- [EXERCISE DETAILS]:
Below are records. Transcribe exactly the lines from the one that contains "Gold Base Chain" through the last line, leaving any pictures out.

- [EXERCISE MATERIALS]:

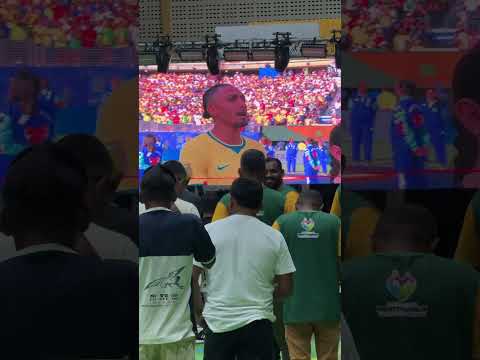 Primeiro jogo do Brasil na copa #alagoas #brasil #monteiropolis #nordeste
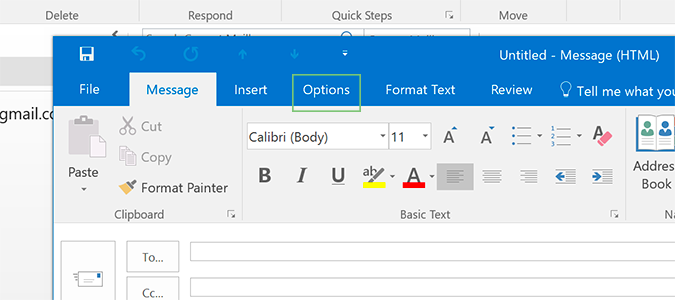 ارسال ايميل طبق زمانبندي خاص توسط Outlook . آموزشگاه رايگان خوش آموز
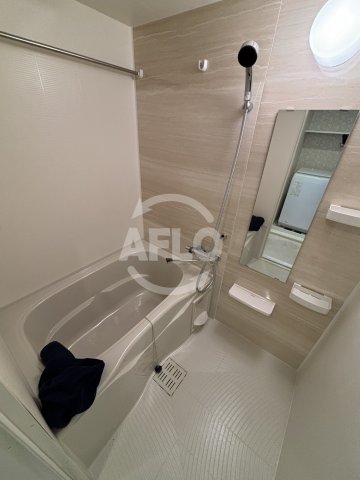 バス・シャワールーム　Luxe玉造南　お風呂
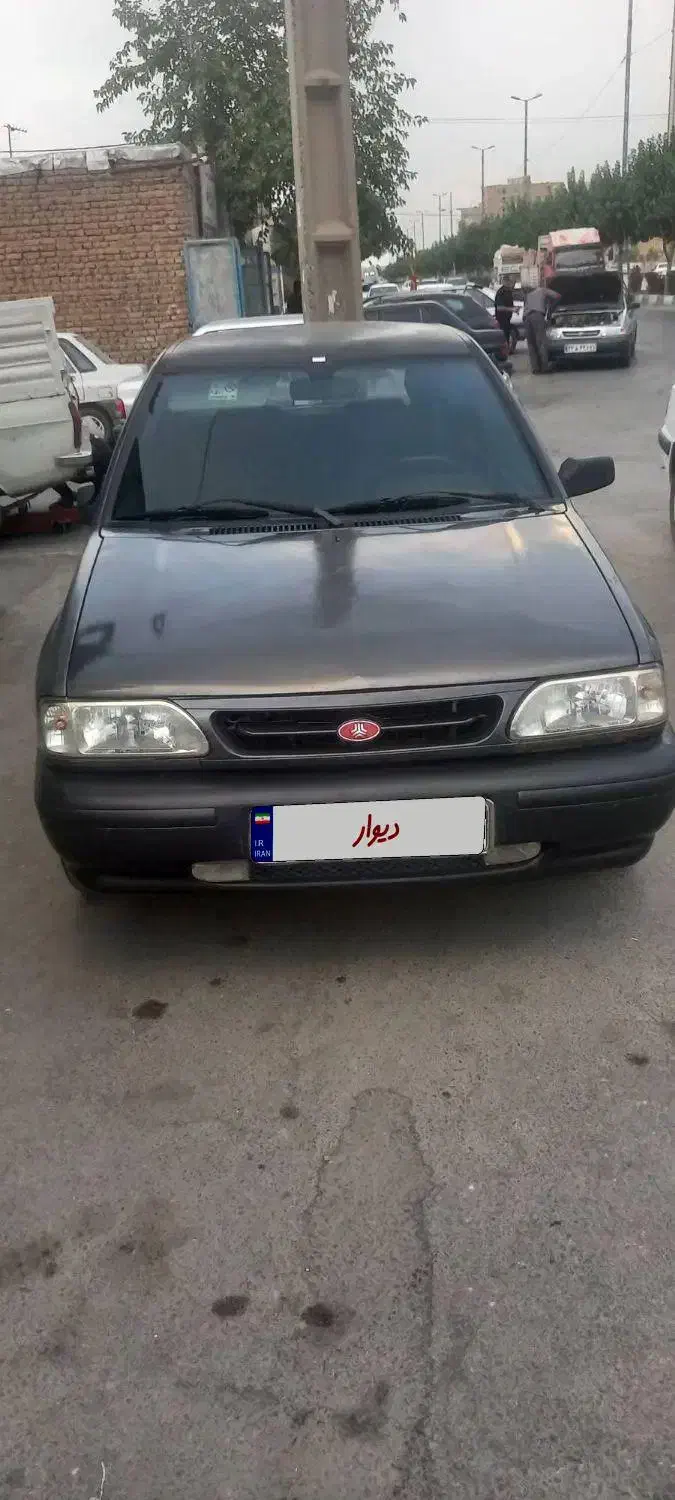 پرایدصبا۸۴|خودرو سواری و وانت|اراک, |دیوار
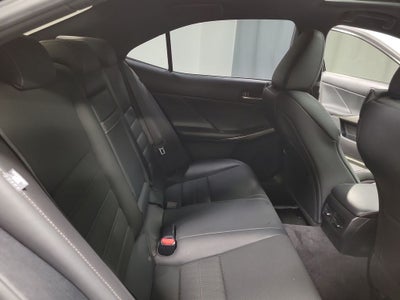 2018 Lexus IS 350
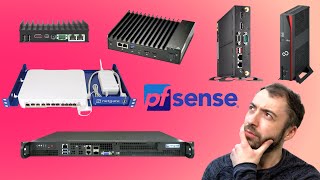 Best pfSense hardware in 2023 ( SIX price tiers )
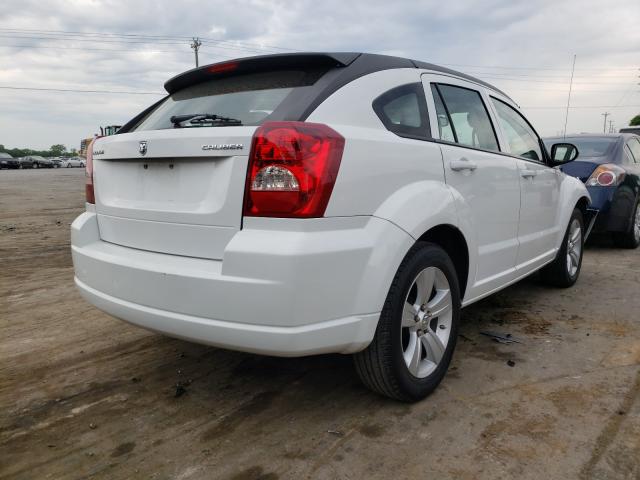 2012 DODGE CALIBER SX 1C3CDWDA3CD533548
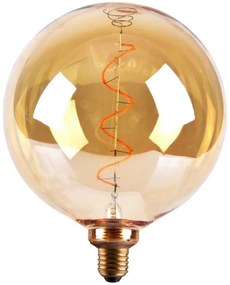 LED Żarówka DECO VINTAGE G200 E27/4W/230V 1800K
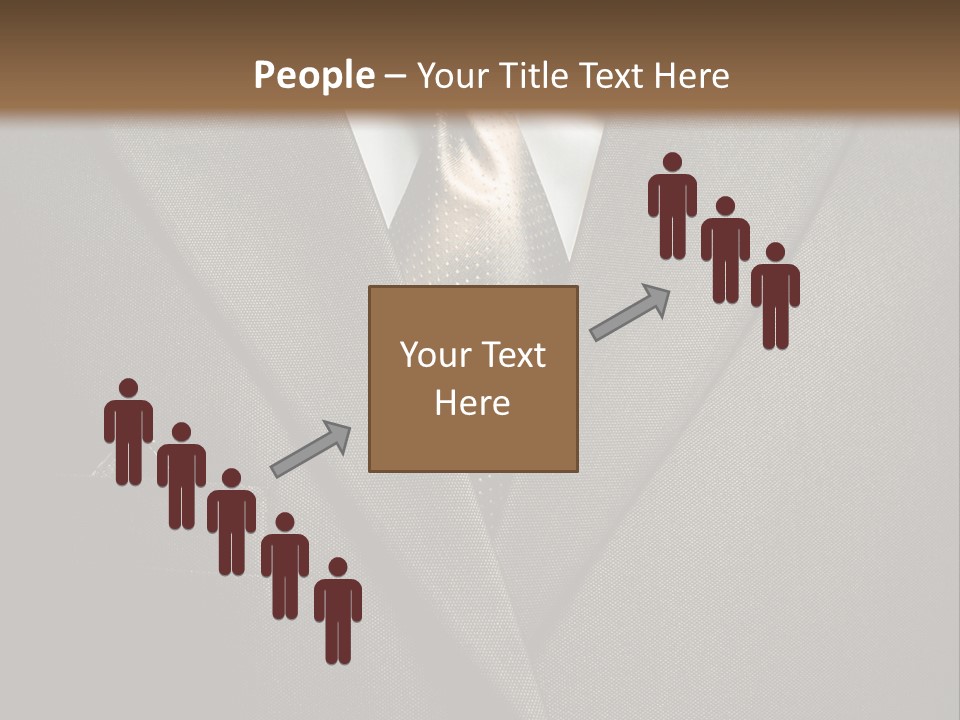 Men Vogue Modern PowerPoint Template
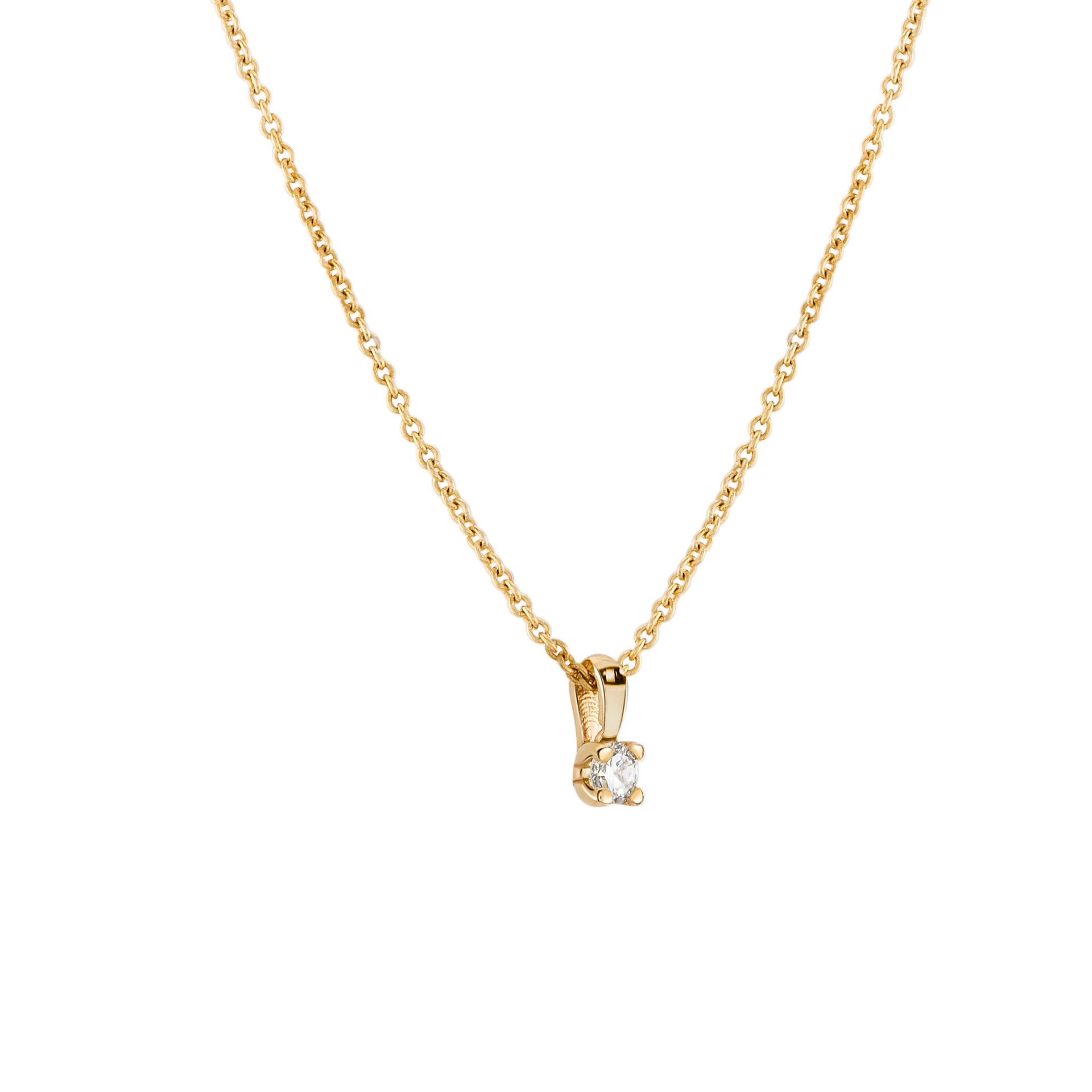 Gold Base Chain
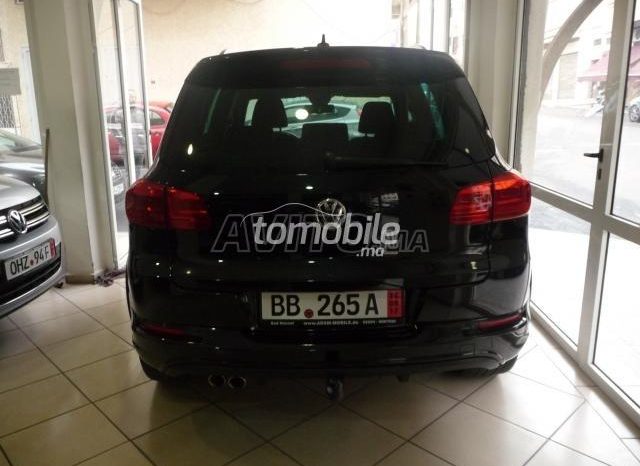 Volkswagen Tiguan Occasion 2013 Diesel 188000Km Fès #59365 plein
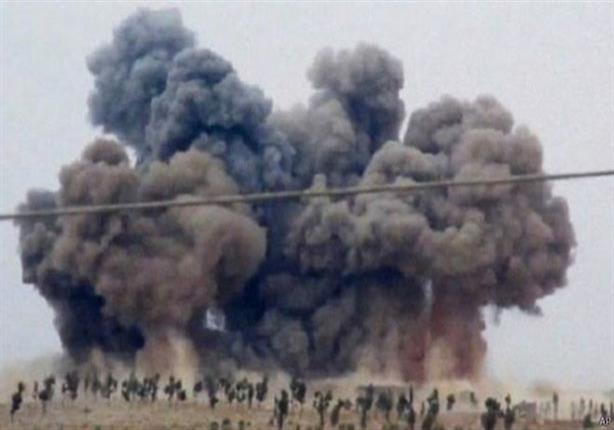 تصعيد كبير قبل انطلاق معارك حماة وإدلب بين الجيش السوري وفصائل المعارضة تصعيد كبير قبل انطلاق معارك حماة وإدلب بين الجيش السوري وفصائل المعارضة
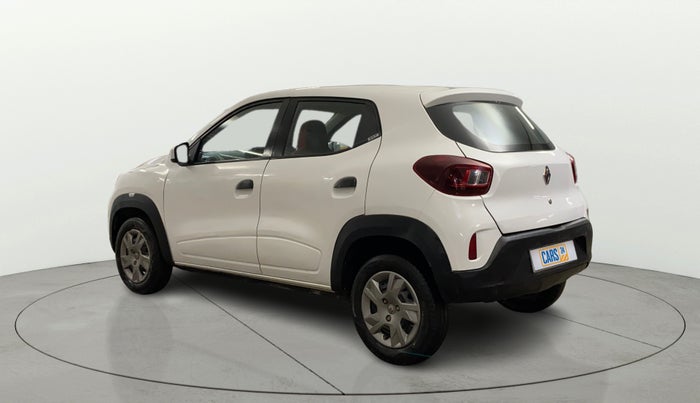 2020 Renault Kwid RXT 1.0 AMT (O), Petrol, Automatic, 54,112 km, Left Back Diagonal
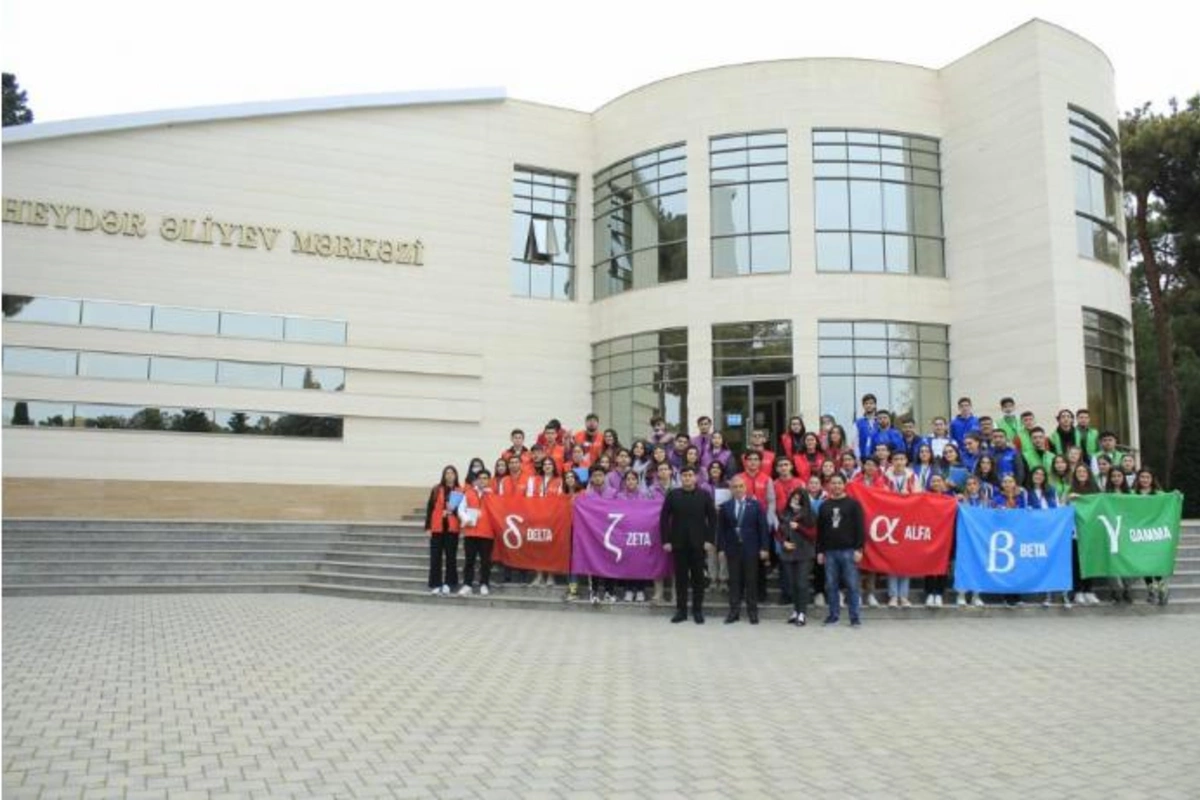 “Gənc Liderlər üçün Qış Universiteti”nin ikinci günü başa çatdı — FOTOLAR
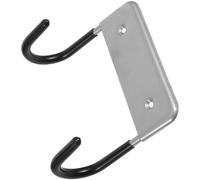 GALPADA Iron Board Storage Organizer Iron Board Holder Sleek Modern Design Versatile Use Easy Installation Includes Hardware Instructions for Home Closets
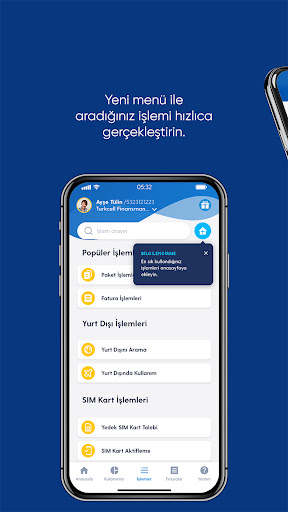 İşTurkcell Online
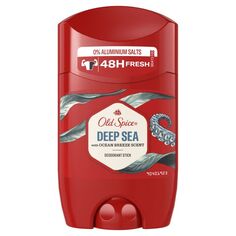Дезодорант Deep Sea Desodorante Stick Old Spice, 50 ml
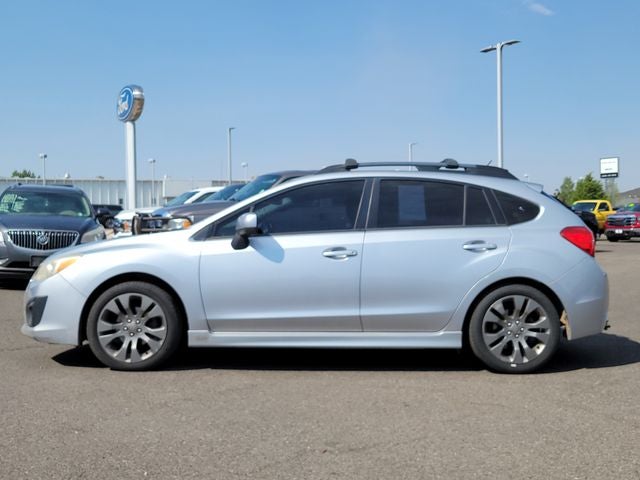 Used 2013 Subaru Impreza 2.0I Sport Premium with VIN JF1GPAL61D1833814 for sale in Laramie, WY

- [RESPONSE TO THIS TASK]:
 Gold Base Chain
 Volkswagen Tiguan Occasion 2013 Diesel 188000Km Fès #59365 plein
 تصعيد كبير قبل انطلاق معارك حماة وإدلب بين الجيش السوري وفصائل المعارضة تصعيد كبير قبل انطلاق معارك حماة وإدلب بين الجيش السوري وفصائل المعارضة
 2020 Renault Kwid RXT 1.0 AMT (O), Petrol, Automatic, 54,112 km, Left Back Diagonal
 “Gənc Liderlər üçün Qış Universiteti”nin ikinci günü başa çatdı — FOTOLAR
 GALPADA Iron Board Storage Organizer Iron Board Holder Sleek Modern Design Versatile Use Easy Installation Includes Hardware Instructions for Home Closets
 İşTurkcell Online
Дезодорант Deep Sea Desodorante Stick Old Spice, 50 ml
 Used 2013 Subaru Impreza 2.0I Sport Premium with VIN JF1GPAL61D1833814 for sale in Laramie, WY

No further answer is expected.